Objectives Suitably qualified pharmacists in the UK are able to prescribe all medicines. While doctors’ prescribing errors are well documented, there is little information on the rate and nature of pharmacists’ prescribing errors. Our aim was to measure the prevalence of prescribing errors by pharmacists.
Methods Prescribing by pharmacists, for inpatients admitted to three hospitals in North East England was studied. Part one measured the extent of prescribing by pharmacists as a proportion of all prescribing on a single day. The number of medication orders, reason for prescribing and therapeutic category were collected by the researcher (OC). In part two, pharmacist prescribing was reviewed for safety and accuracy by ward-based clinical pharmacists over 10 days; errors were documented and categorised as per EQUIP study.
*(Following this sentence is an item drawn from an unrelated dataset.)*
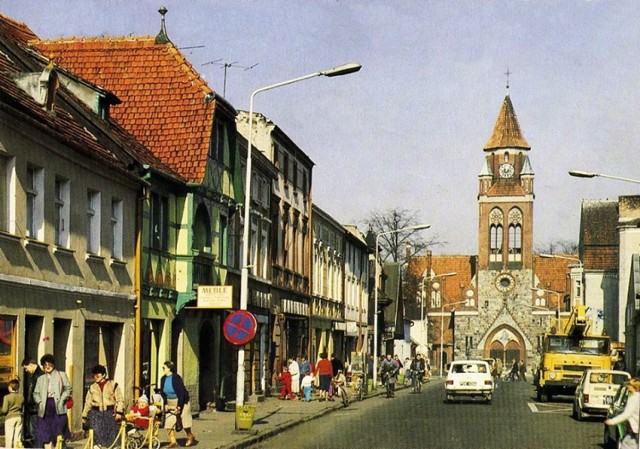 Kolorowe zdjęcie barwnej i gwarnej ulicy Szerokiej z połowy lat osiemdziesiątych XX wieku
Results Part 1: Pharmacists prescribed one or more medication orders for 182 (39.8%) of 457 patients, accounting for 12.9% (680 from 5274) of all medication orders prescribed on a single census day. Pharmacists prescribed medicines from 12 out of 15 British National Formulary categories (no prescribing of drugs used in malignancy, immunology and anaesthetics). Part 2: 1415 pharmacist-prescribed medication orders were checked by clinical pharmacists, with four errors (0.3%) reported.
Conclusions This study suggests that prescribing pharmacists can provide a valuable role in safely prescribing for a broad range of inpatients in UK general hospitals.